WHAT YOU NEED TO DO. Give every entry again, word for word and in full.

Excerpts from a dataset.
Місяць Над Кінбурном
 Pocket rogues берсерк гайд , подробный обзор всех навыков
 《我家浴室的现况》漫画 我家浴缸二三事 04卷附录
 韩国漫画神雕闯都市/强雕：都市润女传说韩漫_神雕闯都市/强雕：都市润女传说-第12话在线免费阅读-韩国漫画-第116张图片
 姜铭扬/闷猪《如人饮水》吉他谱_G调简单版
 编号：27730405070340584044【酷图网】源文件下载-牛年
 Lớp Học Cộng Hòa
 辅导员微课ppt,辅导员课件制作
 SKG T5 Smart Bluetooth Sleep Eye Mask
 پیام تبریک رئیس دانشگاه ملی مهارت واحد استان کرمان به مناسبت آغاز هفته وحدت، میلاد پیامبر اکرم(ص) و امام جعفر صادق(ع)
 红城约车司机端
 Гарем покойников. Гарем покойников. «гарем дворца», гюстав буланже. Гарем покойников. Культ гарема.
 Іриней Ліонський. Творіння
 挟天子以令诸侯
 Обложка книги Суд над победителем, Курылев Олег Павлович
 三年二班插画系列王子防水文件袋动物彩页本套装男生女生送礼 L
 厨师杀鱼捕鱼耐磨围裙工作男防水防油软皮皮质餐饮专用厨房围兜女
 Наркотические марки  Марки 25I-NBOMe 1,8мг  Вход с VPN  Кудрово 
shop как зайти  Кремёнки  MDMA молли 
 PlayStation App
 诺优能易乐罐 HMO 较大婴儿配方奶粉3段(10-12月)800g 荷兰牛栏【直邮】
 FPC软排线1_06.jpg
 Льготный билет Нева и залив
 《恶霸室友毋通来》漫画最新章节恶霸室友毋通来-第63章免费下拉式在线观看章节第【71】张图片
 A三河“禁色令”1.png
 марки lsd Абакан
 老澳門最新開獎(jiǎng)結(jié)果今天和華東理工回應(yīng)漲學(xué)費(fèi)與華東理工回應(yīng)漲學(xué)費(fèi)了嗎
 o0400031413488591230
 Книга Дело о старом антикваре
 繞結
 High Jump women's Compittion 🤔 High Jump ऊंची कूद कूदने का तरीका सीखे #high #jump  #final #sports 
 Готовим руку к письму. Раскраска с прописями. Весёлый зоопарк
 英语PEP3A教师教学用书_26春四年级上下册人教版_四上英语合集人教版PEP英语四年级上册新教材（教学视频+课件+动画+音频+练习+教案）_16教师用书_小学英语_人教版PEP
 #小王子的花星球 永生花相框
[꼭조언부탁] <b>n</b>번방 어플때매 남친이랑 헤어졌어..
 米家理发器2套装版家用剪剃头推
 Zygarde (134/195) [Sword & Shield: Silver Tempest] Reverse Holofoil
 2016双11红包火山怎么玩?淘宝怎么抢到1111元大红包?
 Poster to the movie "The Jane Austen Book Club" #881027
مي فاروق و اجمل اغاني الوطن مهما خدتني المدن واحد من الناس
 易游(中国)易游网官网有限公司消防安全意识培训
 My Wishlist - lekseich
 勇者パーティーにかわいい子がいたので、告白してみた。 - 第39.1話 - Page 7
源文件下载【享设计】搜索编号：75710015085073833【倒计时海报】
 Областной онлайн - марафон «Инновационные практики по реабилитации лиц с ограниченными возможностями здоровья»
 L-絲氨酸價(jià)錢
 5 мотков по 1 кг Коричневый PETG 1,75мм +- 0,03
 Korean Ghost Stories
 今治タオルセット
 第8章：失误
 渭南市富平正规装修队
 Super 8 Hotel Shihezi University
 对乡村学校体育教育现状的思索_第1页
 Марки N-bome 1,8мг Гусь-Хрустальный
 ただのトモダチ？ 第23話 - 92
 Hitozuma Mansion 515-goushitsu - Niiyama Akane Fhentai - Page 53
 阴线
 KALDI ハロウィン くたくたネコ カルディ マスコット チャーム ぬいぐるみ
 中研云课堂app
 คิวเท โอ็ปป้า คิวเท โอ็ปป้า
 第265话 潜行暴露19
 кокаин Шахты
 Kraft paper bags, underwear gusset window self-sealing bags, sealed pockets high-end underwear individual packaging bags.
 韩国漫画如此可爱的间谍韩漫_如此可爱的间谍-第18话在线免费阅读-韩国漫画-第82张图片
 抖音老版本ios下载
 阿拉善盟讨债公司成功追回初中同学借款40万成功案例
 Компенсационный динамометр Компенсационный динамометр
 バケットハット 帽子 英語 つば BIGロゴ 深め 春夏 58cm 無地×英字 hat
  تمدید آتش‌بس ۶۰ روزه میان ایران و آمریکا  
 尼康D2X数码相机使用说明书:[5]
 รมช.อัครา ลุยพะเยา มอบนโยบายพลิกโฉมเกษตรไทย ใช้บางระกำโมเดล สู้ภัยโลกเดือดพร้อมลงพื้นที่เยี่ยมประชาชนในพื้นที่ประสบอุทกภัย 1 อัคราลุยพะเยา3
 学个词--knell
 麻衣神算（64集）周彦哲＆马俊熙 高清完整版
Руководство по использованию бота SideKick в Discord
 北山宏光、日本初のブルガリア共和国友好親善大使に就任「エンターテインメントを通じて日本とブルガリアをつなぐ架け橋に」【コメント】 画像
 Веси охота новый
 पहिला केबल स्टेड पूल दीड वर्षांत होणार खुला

EXERCISE ANSWER.
Місяць Над Кінбурном
 Pocket rogues берсерк гайд , подробный обзор всех навыков
 《我家浴室的现况》漫画 我家浴缸二三事 04卷附录
 韩国漫画神雕闯都市/强雕：都市润女传说韩漫_神雕闯都市/强雕：都市润女传说-第12话在线免费阅读-韩国漫画-第116张图片
 姜铭扬/闷猪《如人饮水》吉他谱_G调简单版
 编号：27730405070340584044【酷图网】源文件下载-牛年
 Lớp Học Cộng Hòa
 辅导员微课ppt,辅导员课件制作
 SKG T5 Smart Bluetooth Sleep Eye Mask
 پیام تبریک رئیس دانشگاه ملی مهارت واحد استان کرمان به مناسبت آغاز هفته وحدت، میلاد پیامبر اکرم(ص) و امام جعفر صادق(ع)
 红城约车司机端
 Гарем покойников. Гарем покойников. «гарем дворца», гюстав буланже. Гарем покойников. Культ гарема.
 Іриней Ліонський. Творіння
 挟天子以令诸侯
 Обложка книги Суд над победителем, Курылев Олег Павлович
 三年二班插画系列王子防水文件袋动物彩页本套装男生女生送礼 L
 厨师杀鱼捕鱼耐磨围裙工作男防水防油软皮皮质餐饮专用厨房围兜女
 Наркотические марки  Марки 25I-NBOMe 1,8мг  Вход с VPN  Кудрово 
shop как зайти  Кремёнки  MDMA молли 
 PlayStation App
 诺优能易乐罐 HMO 较大婴儿配方奶粉3段(10-12月)800g 荷兰牛栏【直邮】
 FPC软排线1_06.jpg
 Льготный билет Нева и залив
 《恶霸室友毋通来》漫画最新章节恶霸室友毋通来-第63章免费下拉式在线观看章节第【71】张图片
 A三河“禁色令”1.png
 марки lsd Абакан
 老澳門最新開獎(jiǎng)結(jié)果今天和華東理工回應(yīng)漲學(xué)費(fèi)與華東理工回應(yīng)漲學(xué)費(fèi)了嗎
 o0400031413488591230
 Книга Дело о старом антикваре
 繞結
 High Jump women's Compittion 🤔 High Jump ऊंची कूद कूदने का तरीका सीखे #high #jump  #final #sports 
 Готовим руку к письму. Раскраска с прописями. Весёлый зоопарк
 英语PEP3A教师教学用书_26春四年级上下册人教版_四上英语合集人教版PEP英语四年级上册新教材（教学视频+课件+动画+音频+练习+教案）_16教师用书_小学英语_人教版PEP
 #小王子的花星球 永生花相框
[꼭조언부탁] <b>n</b>번방 어플때매 남친이랑 헤어졌어..
 米家理发器2套装版家用剪剃头推
 Zygarde (134/195) [Sword & Shield: Silver Tempest] Reverse Holofoil
 2016双11红包火山怎么玩?淘宝怎么抢到1111元大红包?
 Poster to the movie "The Jane Austen Book Club" #881027
مي فاروق و اجمل اغاني الوطن مهما خدتني المدن واحد من الناس
 易游(中国)易游网官网有限公司消防安全意识培训
 My Wishlist - lekseich
 勇者パーティーにかわいい子がいたので、告白してみた。 - 第39.1話 - Page 7
源文件下载【享设计】搜索编号：75710015085073833【倒计时海报】
 Областной онлайн - марафон «Инновационные практики по реабилитации лиц с ограниченными возможностями здоровья»
 L-絲氨酸價(jià)錢
 5 мотков по 1 кг Коричневый PETG 1,75мм +- 0,03
 Korean Ghost Stories
 今治タオルセット
 第8章：失误
 渭南市富平正规装修队
 Super 8 Hotel Shihezi University
 对乡村学校体育教育现状的思索_第1页
 Марки N-bome 1,8мг Гусь-Хрустальный
 ただのトモダチ？ 第23話 - 92
 Hitozuma Mansion 515-goushitsu - Niiyama Akane Fhentai - Page 53
 阴线
 KALDI ハロウィン くたくたネコ カルディ マスコット チャーム ぬいぐるみ
 中研云课堂app
 คิวเท โอ็ปป้า คิวเท โอ็ปป้า
 第265话 潜行暴露19
 кокаин Шахты
 Kraft paper bags, underwear gusset window self-sealing bags, sealed pockets high-end underwear individual packaging bags.
 韩国漫画如此可爱的间谍韩漫_如此可爱的间谍-第18话在线免费阅读-韩国漫画-第82张图片
 抖音老版本ios下载
 阿拉善盟讨债公司成功追回初中同学借款40万成功案例
 Компенсационный динамометр Компенсационный динамометр
 バケットハット 帽子 英語 つば BIGロゴ 深め 春夏 58cm 無地×英字 hat
  تمدید آتش‌بس ۶۰ روزه میان ایران و آمریکا  
 尼康D2X数码相机使用说明书:[5]
 รมช.อัครา ลุยพะเยา มอบนโยบายพลิกโฉมเกษตรไทย ใช้บางระกำโมเดล สู้ภัยโลกเดือดพร้อมลงพื้นที่เยี่ยมประชาชนในพื้นที่ประสบอุทกภัย 1 อัคราลุยพะเยา3
 学个词--knell
 麻衣神算（64集）周彦哲＆马俊熙 高清完整版
Руководство по использованию бота SideKick в Discord
 北山宏光、日本初のブルガリア共和国友好親善大使に就任「エンターテインメントを通じて日本とブルガリアをつなぐ架け橋に」【コメント】 画像
 Веси охота новый
 पहिला केबल स्टेड पूल दीड वर्षांत होणार खुला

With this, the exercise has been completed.